The perception of a wave of Republican women is due to the number of high-profile governors races, including the all-woman governors races in Oklahoma, and New Mexico and a highly touted slate of women candidates for 6 other governors' mansions from California to South Carolina.
The perception is also fueled by Palin, a potential 2012 Republican Presidential nominee, who has made electing women one of her causes. She likens them to Mama Grizzlies, rising up on their hind legs, to protect their young, and she recorded a famous video posted on the Internet to inspire Republican women. She predicts a "stampede of pink elephants crossing the line."
Other national Republicans are also jumping at the chance to appear inclusive and diverse.
"There's going to be six to eight next-generation folks who are not middle-aged white guy CEOs," said Minnesota Gov. Tim Pawlenty, who also has eyes on a run for President in 2012. "So it's going to be a new day, a new era in terms of the face and voice and tone of the Republican Party, and I think that's really good," he said.
"What you're going to see as a confirmation of the Republican Party modernizing, while still being true to its values, is these new next-generation, forward-leaning leaders," he told reporters during a trip to Washington.
The selection Tuesday in Oklahoma of Mary Fallin as the Republican candidate for Governor bolstered the party's case.
Democrats Irked by Perception Of Increased Republican Women
Any mention of 2010 as the year of the Republican woman piques Democrats, who point out they have just as many female candidates for governor as Republicans.
"We're glad to welcome Republicans to 2010, decades after Democrats have been nominating female candidates.
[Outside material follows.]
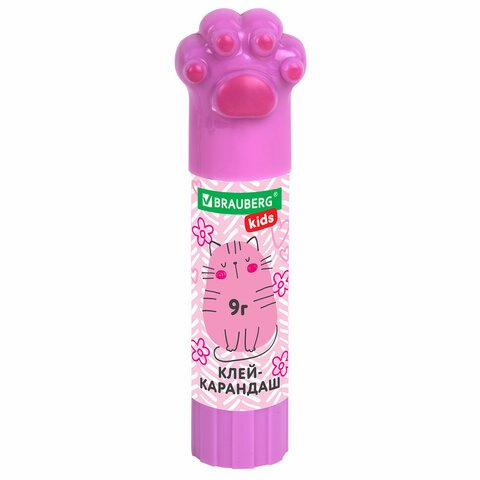 Клей-карандаш «Лапки» Cat Paw, 9 г, фигурный колпачок, BRAUBERG KIDS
We're always gratified when more women and minorities become part of the political process," said Emily DeRose, who speaks for the Democratic Governor's Association.
Other Democrats point quietly to the growing pains Republicans have had with their women candidates for this year. Nikki Haley in South Carolina won her nomination for governor despite public allegations of infidelity from her challengers.
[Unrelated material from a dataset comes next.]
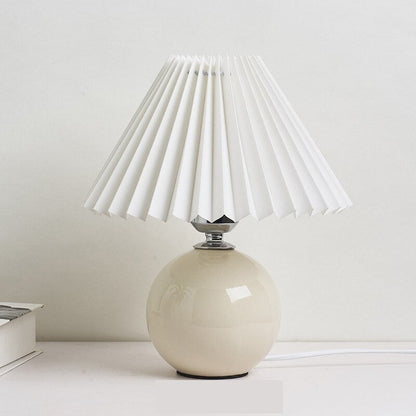 Lampe de Chevet Céramique Beige – Abat-jour Tissu Plissé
And there is trouble plauging Republican female candidates running for other offices. In Colorado, Republican Senate candidate Ken Buck tried to make light of an ad by attacking him by fellow Republican Jane Norton, where she questioned his manhood.
He told a voter in an unscripted moment to vote for him "because I do not wear high heels."
Buck said he wears cowboy boots with "real bullshit" on them, not Washington bullshit. The remarks were condemned by Norton.
Republican Sen. David Vitter, who is running for reelection, has been criticized for retaining a staffer who assaulted a female staffer on the payroll.
Republican "Wave" May Ebb
But for all the attention given to the Republican candidates for governor, it is a different story when the makeup of state legislatures and the Congress are taken into account, according Debbie Walsh, who runs the nonpartisan Center for American Women in Politics at Rutgers. The center tracks female candidates nationwide. Read their assessment of the 2010 race so far right here.
Walsh said she applauds every woman running, but the numbers do not bear out a sweep of Republican women into office.
"What I don't want to see is a misconception that women are running everywhere and women are on the ballot in every state because that is not the case," she said from Louisville, Kentucky, where she was attending an annual gathering of state legislators from around the country.
It is true, she said, that more Republican women sought higher office this year than ever before. But they won't all be in office in November. "While we did have a record number of Republican women running, we've also had a record number of Republican women losing their primaries," said Walsh.
"Republican women tend to be more moderate than their male counterparts and they have a tougher time making it through primaries," she said, generalizing, but noting that a larger portion of the Democratic caucus is made up of women – 31 percent of Democratic state legislators are women, compared to 15 percent of Republican state legislators. 24 percent of all state legislators are women.
Regardless of a woman's party affiliation, Walsh said women make good governors.
"They make a difference when they get elected," she said. "They bring a different set of life experiences to the table in making policy."